**To do**
Could you print, exactly and without pictures, only the lines from the one with "Valeria Yacht Photos" through the end of the records below?

====================

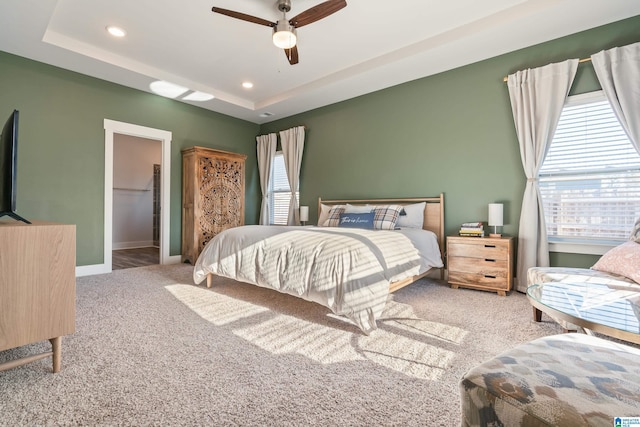 bedroom featuring carpet flooring, ceiling fan, a raised ceiling, and a spacious closet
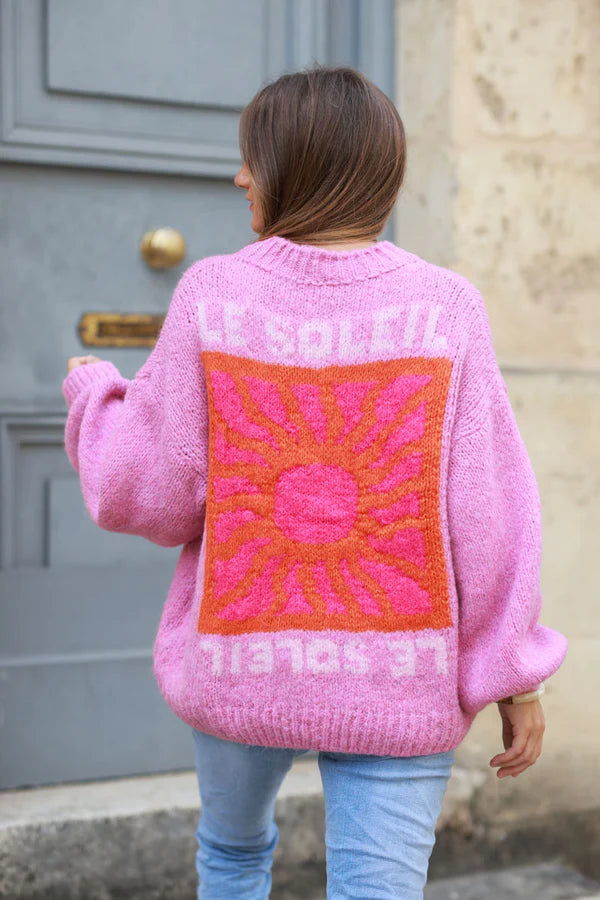 Pink chunky knit sweater with vibrant sun embroidery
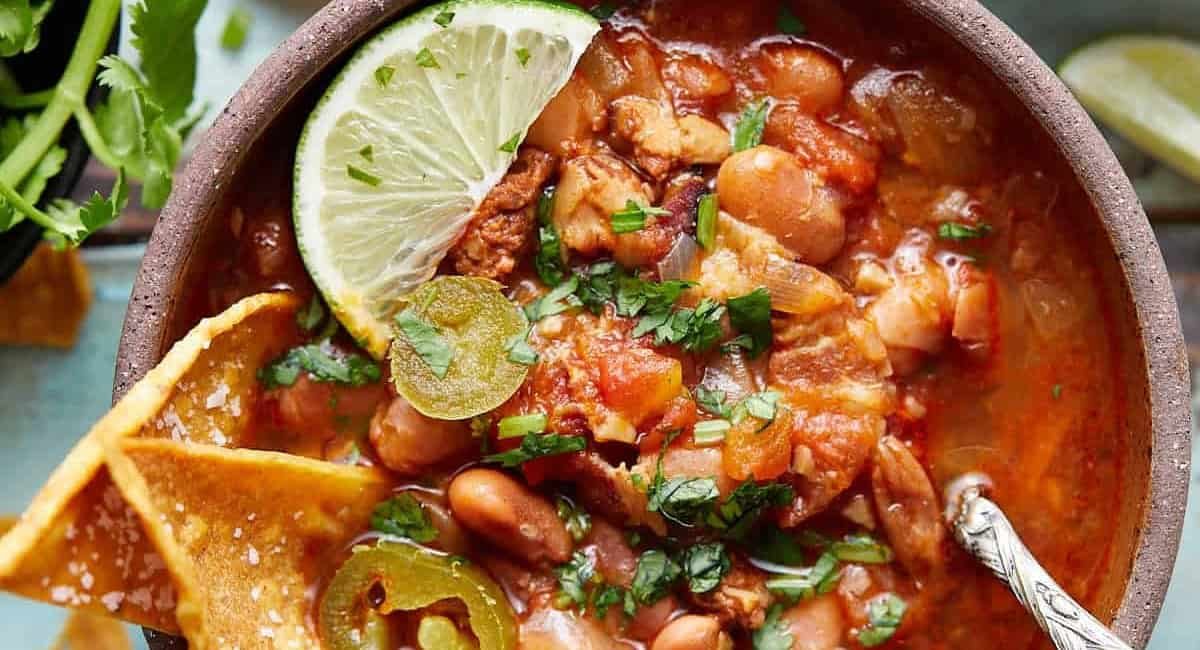 Overhead image of Instant Pot charro beans with garnish.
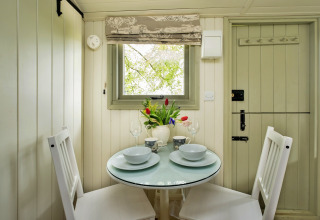 Accogliente angolo pranzo in una cabina con tavolo tondo, due sedie bianche e vista sul verde.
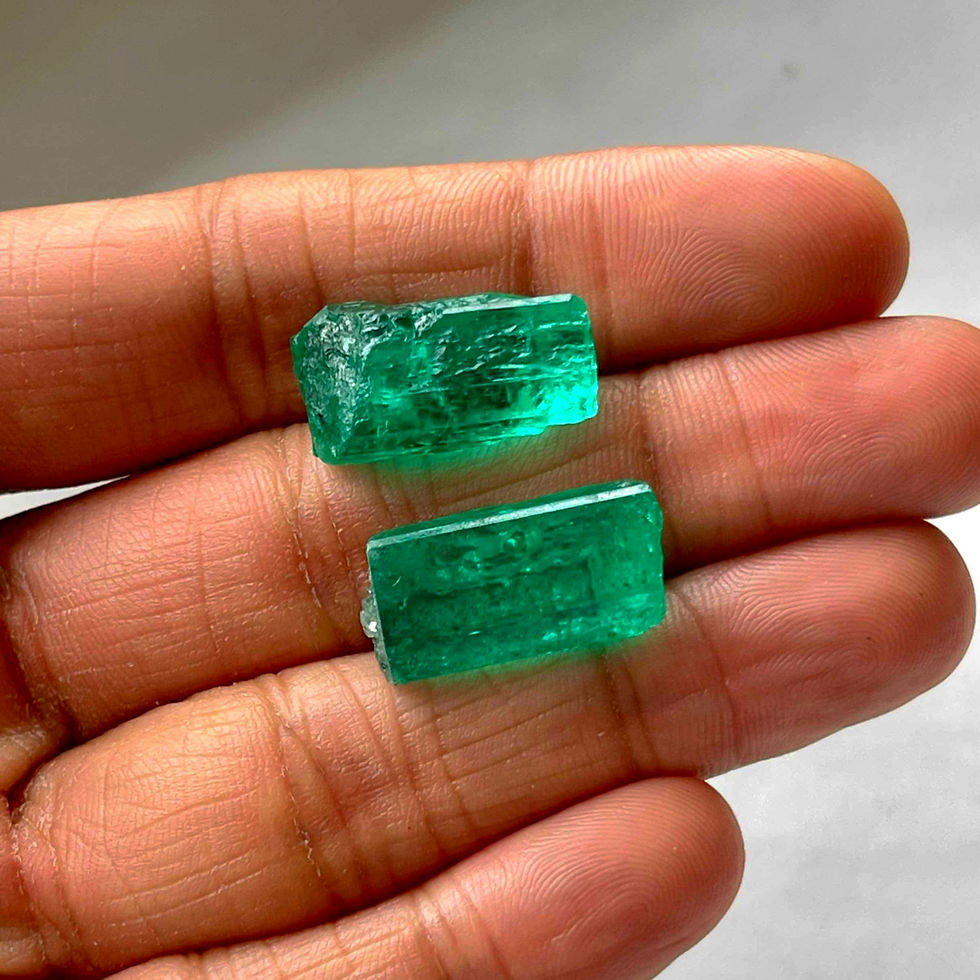 Rahul Jain holding two large pieces of Colombian emerald rough stones unnatural light
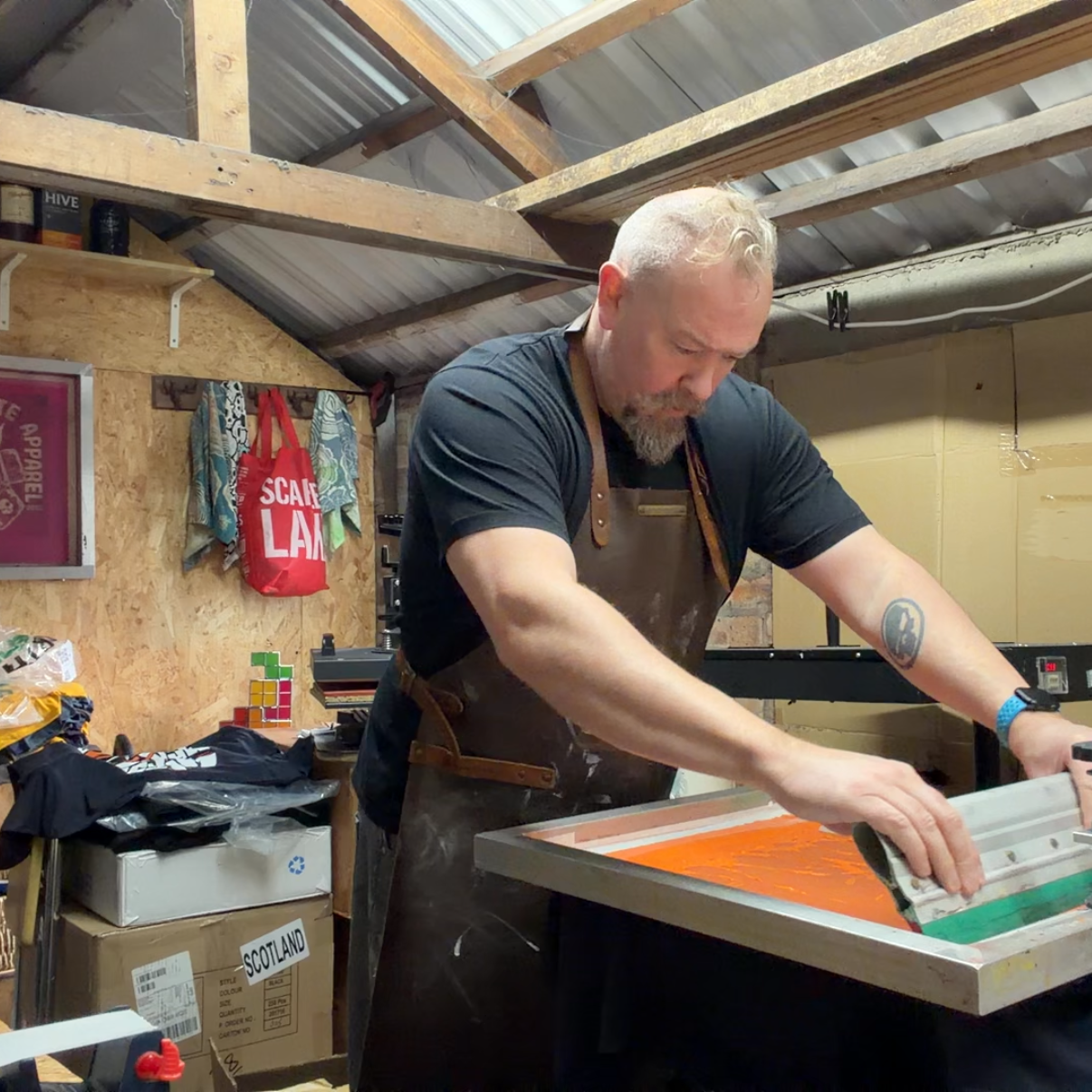Man working with a screen printing press in a workshop.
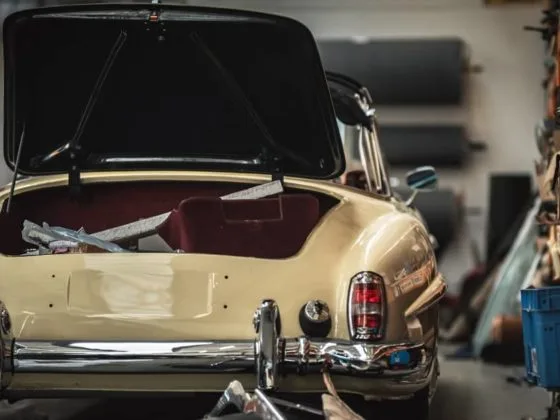 Classic cream car with open boot in a workshop, showing the impact of car repairs on the lifespan of a car, particularly for older vehicles facing higher maintenance needs.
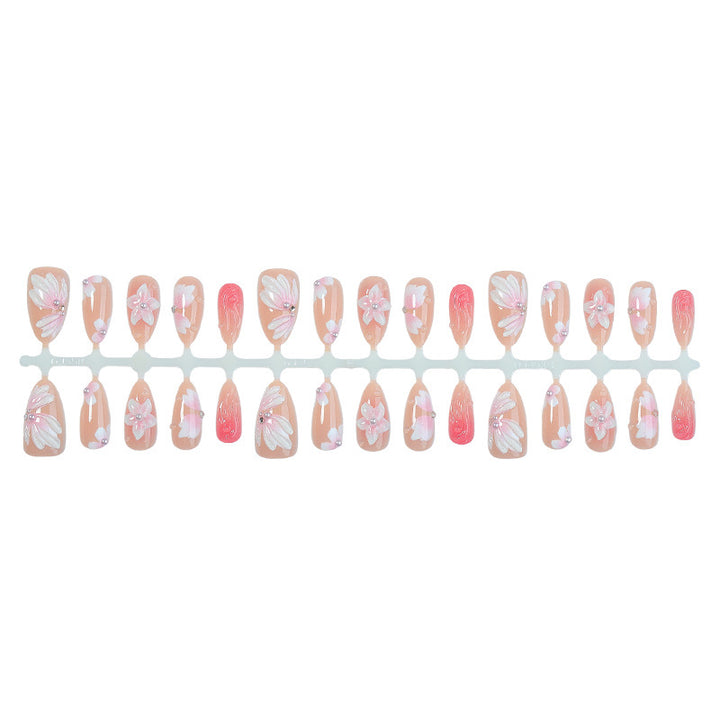 Artificial nail set with floral motifs and rhinestone decorations Stornfield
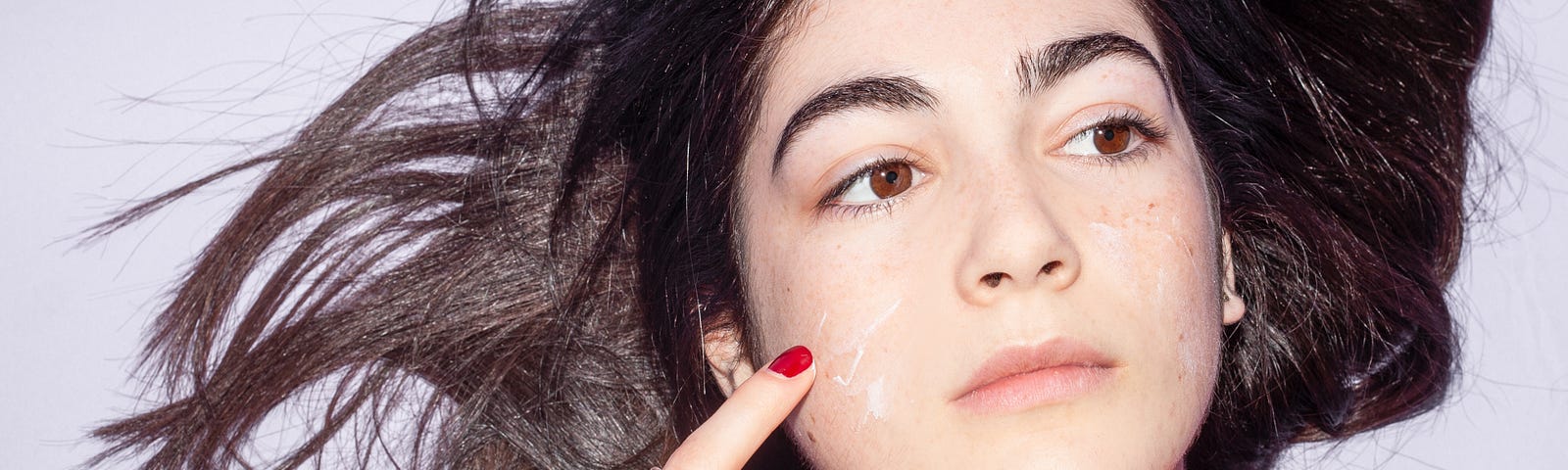 Woman applying a skincare treatment to her face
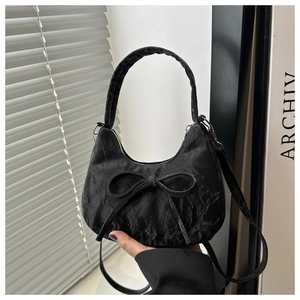Detailansicht der schwarzen Falten-Tasche mit großer Schleife und Texturdetail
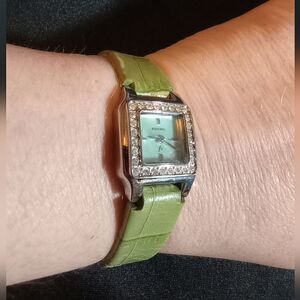 Ladies light green Fossil watch w leather band and small square face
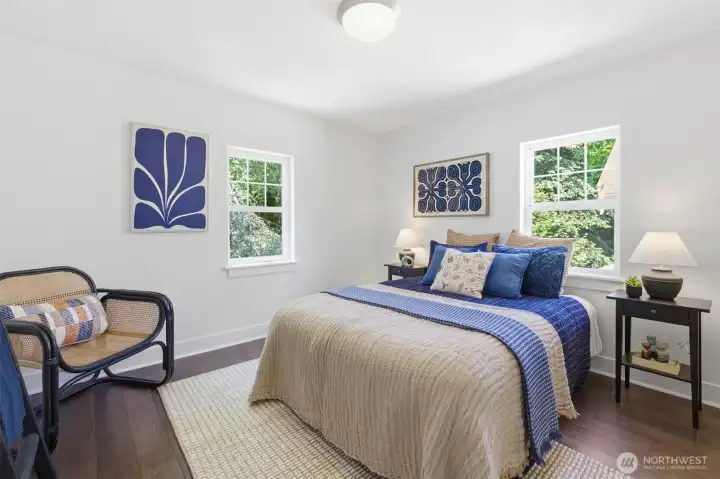 One of four spacious bedrooms upstairs. One of four spacious bedrooms upstairs.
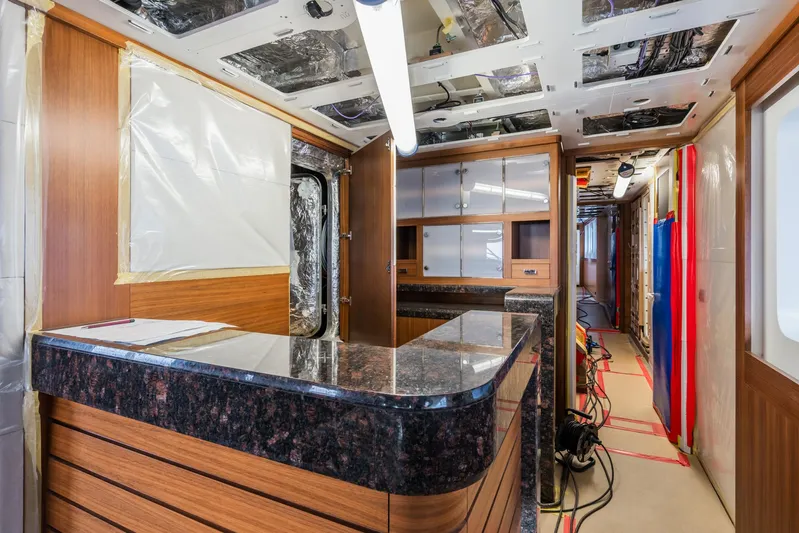 Valeria Yacht Photos Pics 1975 Feadship Motoryacht interior under renovation with wood paneling and granite countertops.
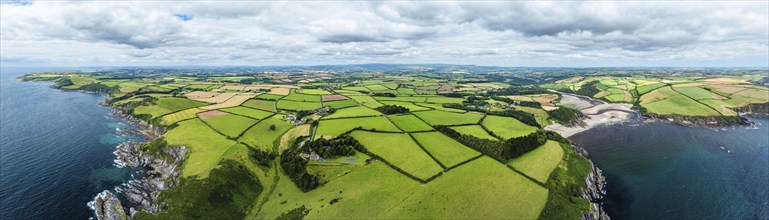 Panorama of Cliffs over Mothecombe Beach and Red Cove from a drone, River Emme, Mothecombe,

====================

**Solved exercise**
 Valeria Yacht Photos Pics 1975 Feadship Motoryacht interior under renovation with wood paneling and granite countertops.
 Panorama of Cliffs over Mothecombe Beach and Red Cove from a drone, River Emme, Mothecombe,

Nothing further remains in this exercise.